According to the SRS report by the RegistrarGeneral of India, 2013-17, urban men live to 71.20 years and urban women live to 73.70 . This is an average. Many people reading this article could live past 85.

What can you do to ensure a long, healthy retirement? There are many smart retirement investment options today. You can invest again. Here are some options to help you find the best retirement investment options or good retirement investment options.

The best investment plans for a retiree

As a retirement investment strategy, financial planners recommend that you have a mix of fixed income assets. A wealth manager can help those who aren't financially competent to build a balanced portfolio or optimize their investments.
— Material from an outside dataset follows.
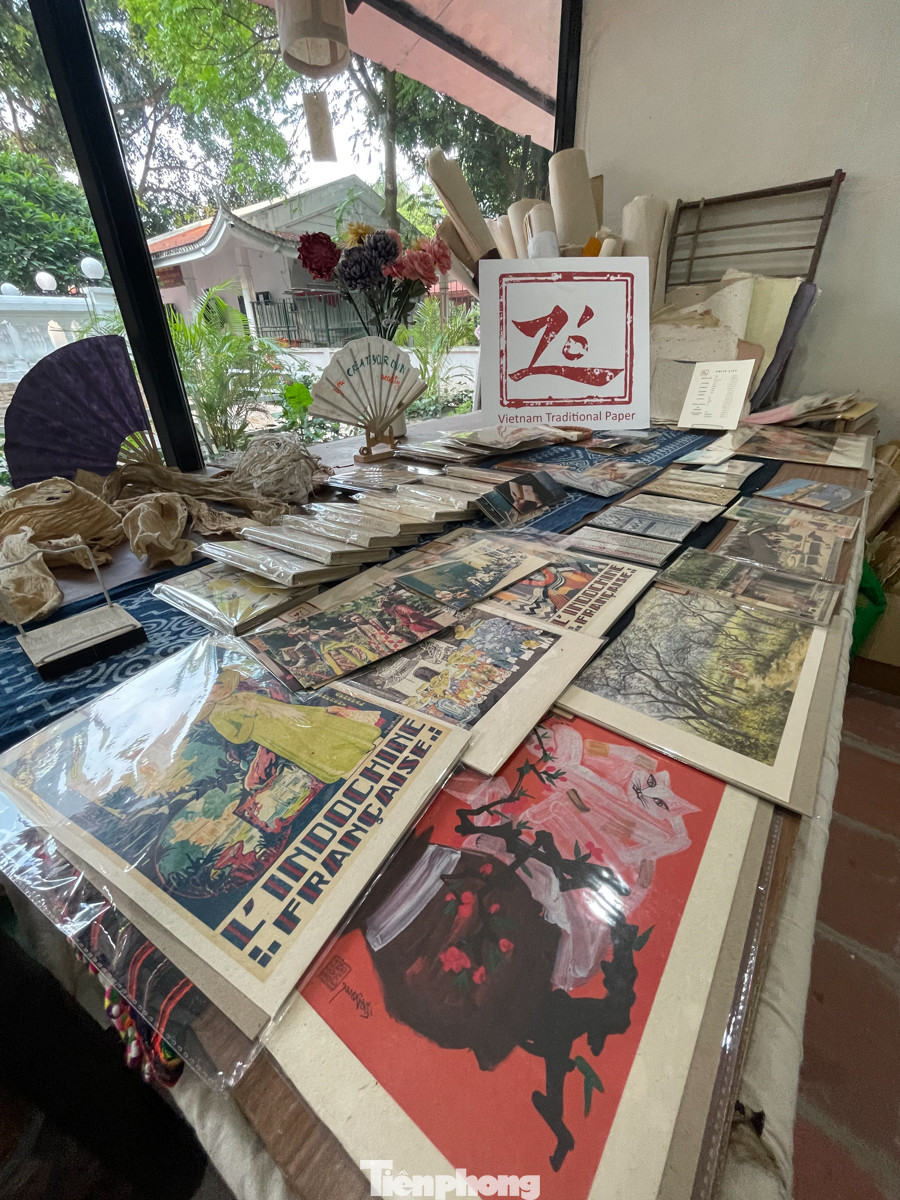 Tại đây cũng bán một số sản phẩm lưu niệm làm từ giấy Dó như sổ tay, khuyên tai, tranh in ấn...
  1. Tax-free Bonds:Tax saving bonds can help you save taxes. They are also secured and offer liquidity, as they are listed on both the NSE and BSE. These bonds can be stored in physical or demat accounts and earn tax-free interest each year. High net-worth individuals have one of the best options for investing after retirement. These bonds are tax-free . This is a great tax-saving and safe haven option for those who fall below the 30% tax bracket.
  2. Senior Citizens Saving Scheme (SCSS), With fixed and lucrative returns at 8.6% per year, SCSS makes a great retirement investment choice. This scheme is specifically designed for seniors. Anyone over 60 years old can purchase this scheme at a bank or postoffice. SCSS is valid for 5 years, but it can be extended up to 3 years after the scheme's maturity. The maximum amount that can be invested in Senior Citizens' Savings Scheme is Rs. 15 lakh, and are eligible for tax benefits under Section 80C. It allows you to withdraw the money for emergencies.
  3. Fixed Deposits at Bank:Bank fixed deposit have been very popular among retired investors due to their higher returns. Banks offer deposits up to 7.25%, while senior citizens can earn up to 7.75% interest on FDs. You can save taxes by investing in a fixed deposit that is tax-saving and lasts five years.
  4. Debt Mutual Funds: While retirees are allowed to invest in equity mutual funds they may be intimidated by the uncertainty in the equity markets. They can still invest in debt mutual fund through the SIP route. A large portion of your fund can be held in debt funds because it has more liquidity and is subject to lower tax rates than fixed deposits at banks.
  5. Nonconvertible debentures (NCDs),NCDs, are instruments that corporates issue to raise funds. They can be used as investment instruments for a particular tenure. It is a fixed income investment and is an excellent option for retirement. NCDs can be traded on stock exchanges. You can earn periodic interest - either monthly, quarterly or annually. At maturity, you will receive the principal amount you invested. Because the interest earned on non-convertible debentures is higher than those from bank FDs or post office savings, they are a great investment option for retirement. You can also sell your listed NCD in the secondary market if you purchase it before maturity. As low as Rs. 10,000 can be used to start investing. You can invest 10,000 in NDCs.

Conclusion:

For your post-retirement life, you should invest a portion the returns of your EPF, PPF, or pension/annuity plans. You don't have to spend all of the money you receive on retirement because you have annuity plans that will pay your pension. The unpredictable nature of life is even more apparent in a world where epidemics and deadly pandemics are becoming the norm. Healthcare, medication, and hospitalization will account for a large portion of your retirement expenses. Make sure you have sufficient health insurance or an emergency fund in place to cover these costs.